── Dataset extract

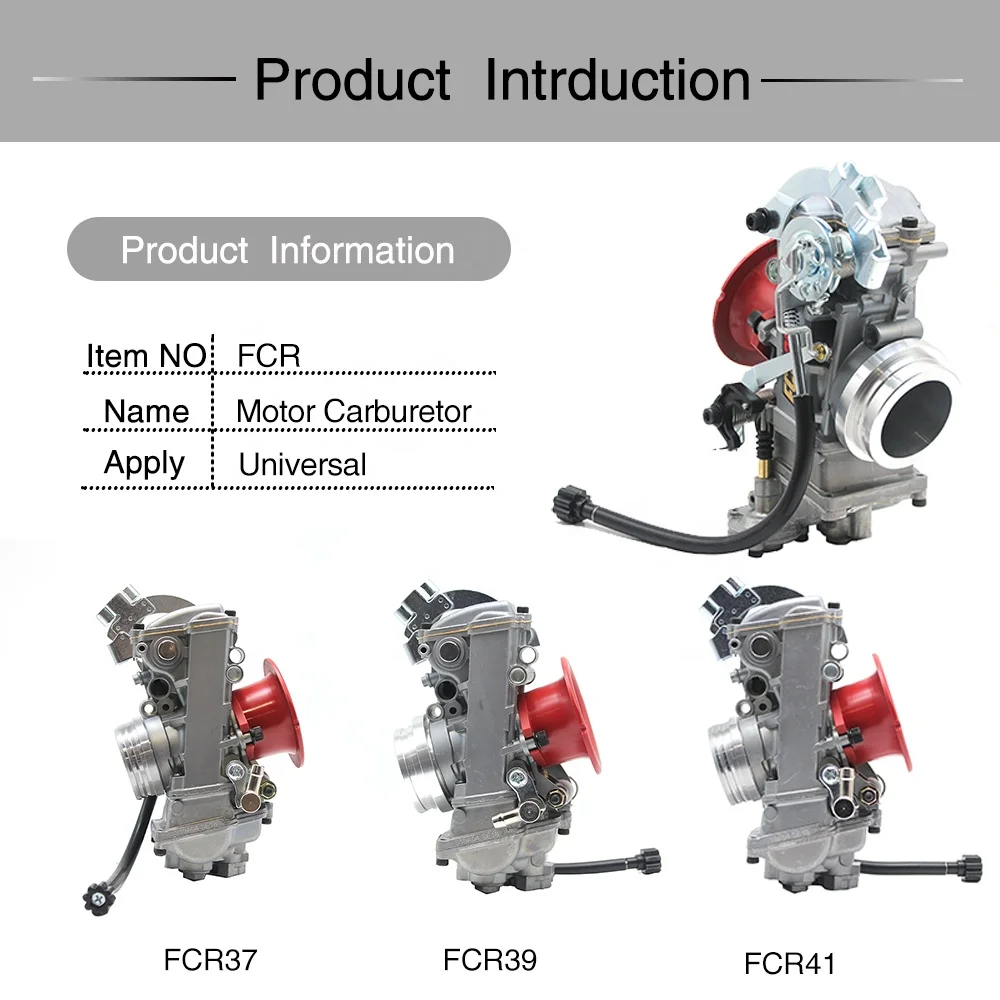 FCR Carburetor 37mm 39mm 41mm Motorcycle Carburetor FCR 39 Carb For CRF 450 KLX 450 400CC 450CC ATV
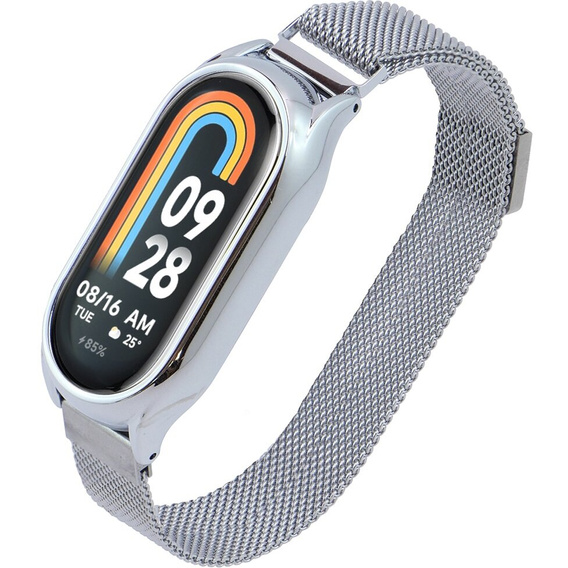 Milánói acél karkötő a Xiaomi Smart Band 10 / 9 / 8 készülékhez
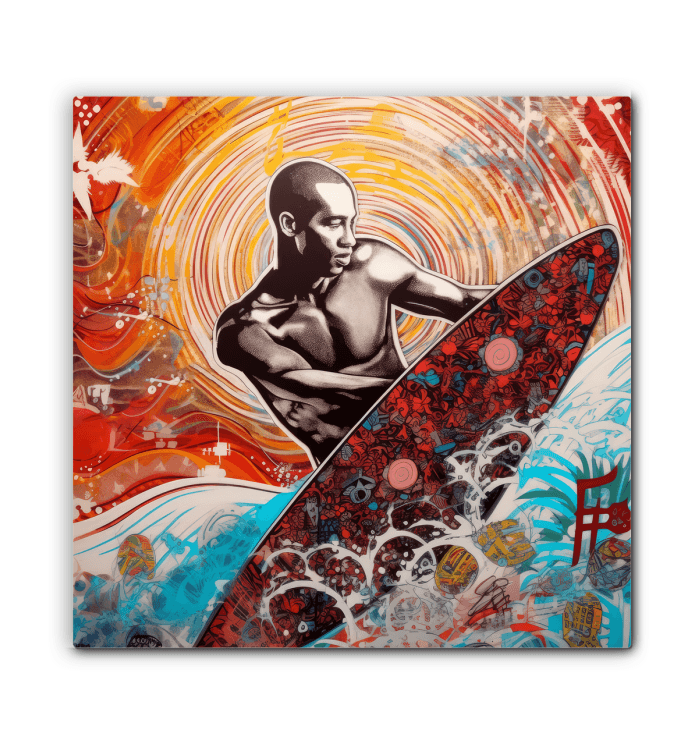 Surfing Serenity Canvas Art - Beyond T-shirts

────

◆ **What is needed**
Set the material above down again word for word. Include none of its pictures.

◆ **Written answer**
 FCR Carburetor 37mm 39mm 41mm Motorcycle Carburetor FCR 39 Carb For CRF 450 KLX 450 400CC 450CC ATV
 Milánói acél karkötő a Xiaomi Smart Band 10 / 9 / 8 készülékhez
 Surfing Serenity Canvas Art - Beyond T-shirts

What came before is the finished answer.